彼女から見た安達は、大人になってかなり成長したように感じます。
以前のような挙動不審が減り、しまむら相手であればかなり親密なコミュニケーションを抵抗なくできるようになっています。
そして、しまむらへの愛は健在で、衰えるどころか増すばかり。
しまむらを狙う男の影が見えようものなら説教が始まるのですが、これが重たい。
しまむらは安達と一緒に暮らすことによって二人だけの世界に閉じ込められる形になっていますが、しまむら自身がそれを許容していて、とても印象的です。
家族仲は変わらずですが、両親や妹との距離感がやや開いたことに寂しさを覚え、でもヤシロがいることで変わらない日常も演出していて、絶妙なバランスでした。
安達から見たしまむら
これは高校時代とあまり変わりないように感じます。
安達にとってしまむらは美人で可愛くて、何にも代えられない存在であることは一緒です。

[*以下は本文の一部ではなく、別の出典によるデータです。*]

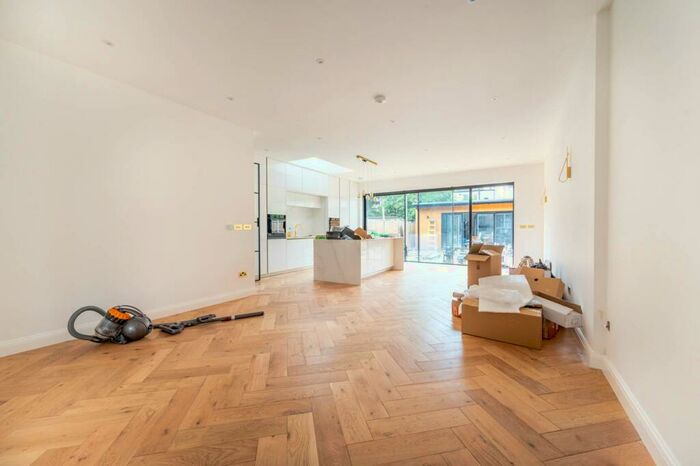 5 Bedroom Semi-Detached House To Rent In Barking, Barking, IG11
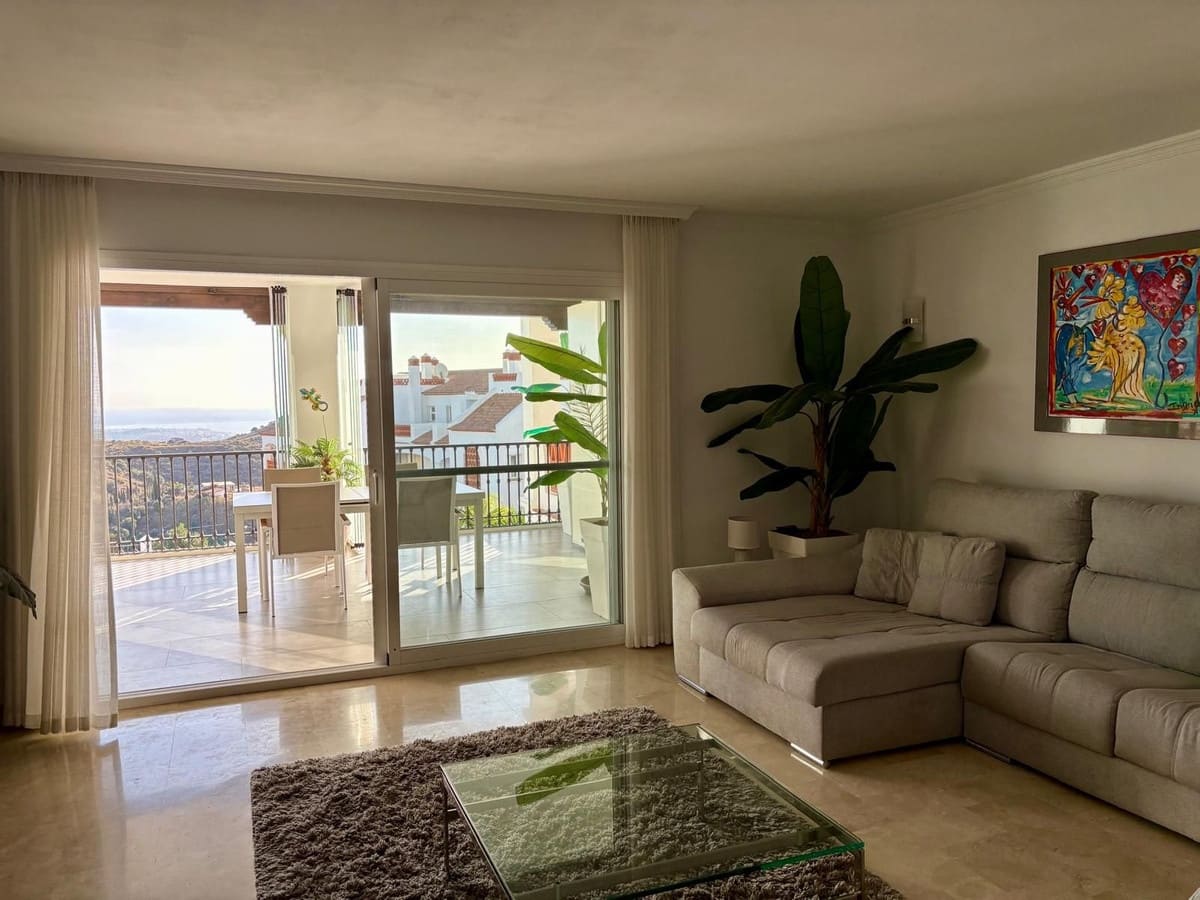 2 bedroom Apartment for sale in Calahonda with pool garage - € 429,000 (Ref: 9506183)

自分の執着を隠さなくなったのは、ある意味成長でしょうか。
一方で、安達母やしまむらの家族との交流が増え、しまむらとの二人だけの世界からやや脱出した印象です。
こう見ると、二人は交わることでお互いの世界を譲歩して、ちょうど良い距離感に落ち着いたのかもしれません。
感想
ただ甘い
シリーズとして、安達としまむらがくっつき、二人の未来がどの世界線においてもそれが揺るがないことがほぼ決まっているので、この先に不安が待ち構えていることはほぼあり得ません。
あるのは甘い、とろけるような幸せだけです。
日々の濃淡が減り、毎日が均一化されてきて、毎日がなんとなく幸せ。
物語としては何の起伏もなく、巻を経るごとに作品のファンに向けたファンサービスのような作品になってきています。
もちろんここまでかなりの巻数を重ねてきたので、それが当然ではありますが、特定の読者に刺さるよう尖ってきています。

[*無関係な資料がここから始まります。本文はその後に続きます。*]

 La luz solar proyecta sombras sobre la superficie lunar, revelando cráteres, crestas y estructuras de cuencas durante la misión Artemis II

安達やしまむらが好きであれば、読んでいて幸せになれること間違いなしです。
母親同士の絡み
僕が年をとったせいか、あるいは子どもがいるせいか分かりませんが、巻数を経るごとに安達母、あるいはしまむら母に感情移入している自分がいます。
特にしまむら母の行動、言動には時々ハッとさせられます。
いつもあっけらかんとしていて、何も考えずに思い付きで行動していそうな彼女ですが、締めるところはちゃんと締めてきます。

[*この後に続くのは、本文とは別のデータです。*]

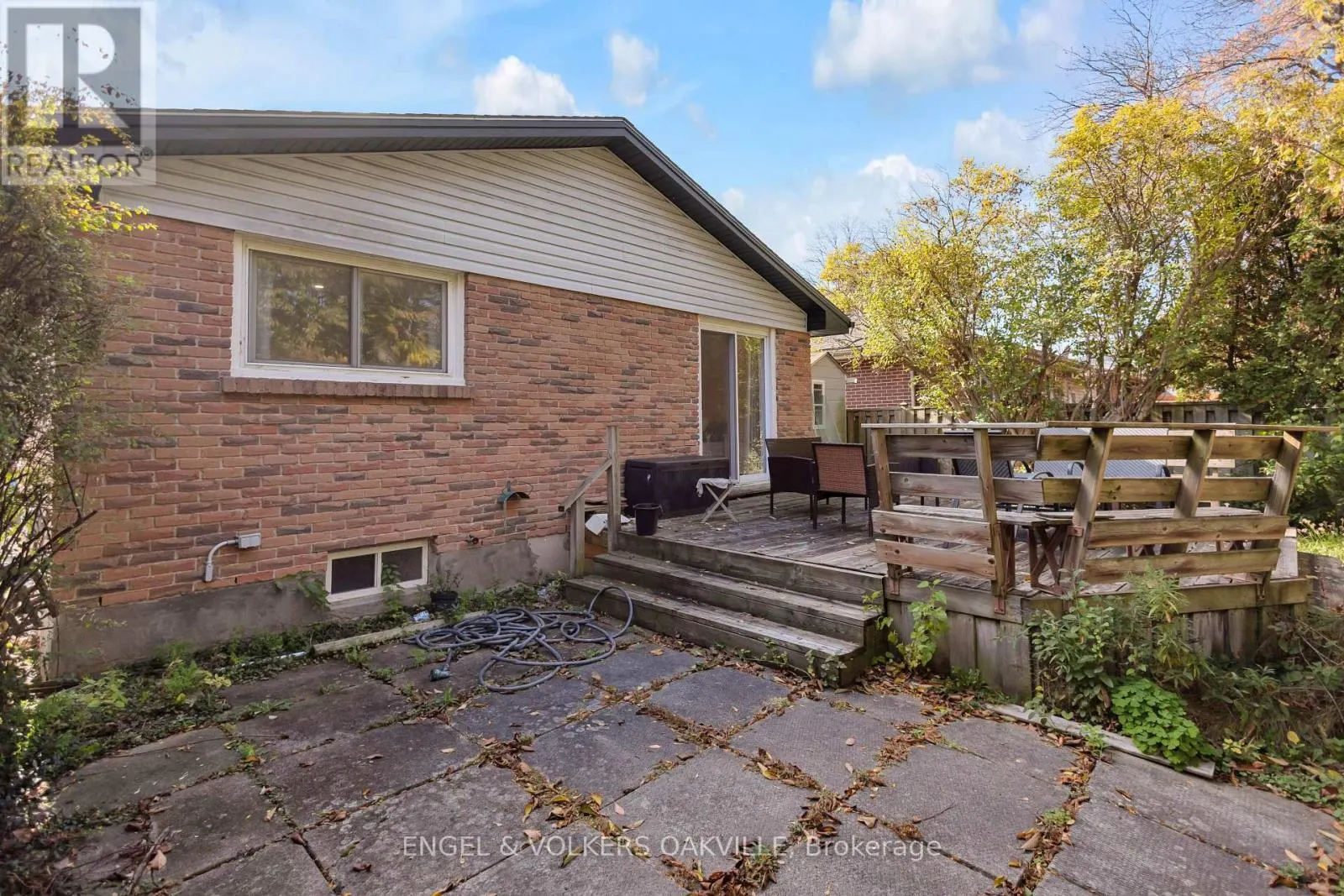25 HINES CRESCENT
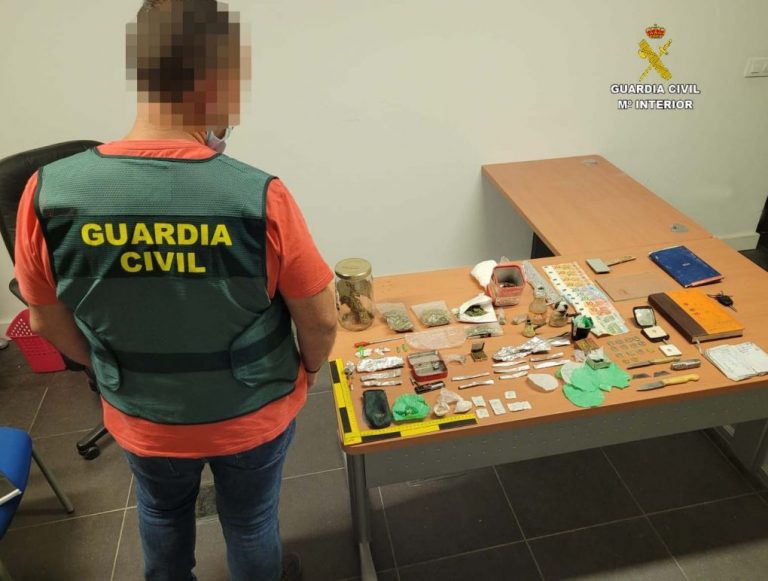 Seis detenidos en la desarticulación de 2 puntos de venta de droga en Aracena e Higuera de la Sierra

安達としまむらの交際、同居についても意外と慎重な考えを持っているところも、その一端です。
行動や言動には、表面的には分からないしまむらへの愛情があふれていて、それをしまむら自身も気が付いていて、その気恥ずかしさが混じったやりとりが大好きです。
安達に対しても実の娘のように接するわけですが、その想いが安達に全て伝わっているわけではないため、その伝わる人には伝わる感も大好きです。
シリーズの寿命
悲しい話ですが、シリーズの寿命ってあとどれくらいなんだろう、なんて読みながらふと考えてしまいます。
様々なメディアに進出してファン層を広げた本シリーズは、出版社としても続けたい意向はあるはずです。
一方で、これ以上先に何も起きないとなると、安達としまむらのただ幸せな日々を描くことに何の意味があるのだろう、なんて嫌なことも考えてしまいます。
他の方のレビューを見ると、手放しで褒めていることがほとんどなので僕がずれているのかもしれませんが、これは噓偽りのない本音です。
二人の日常を愛でたいのに、違った感情も隣にある。
複雑で、モヤモヤする日々はまだ続きそうです。
おわりに
作品としてもはや安定しているので、ファンを裏切るようなことは絶対にありません。
表紙にもありますが、冬にこたつに入りながら、人には見せられないにやけ顔で読むと一層幸せかもしれません。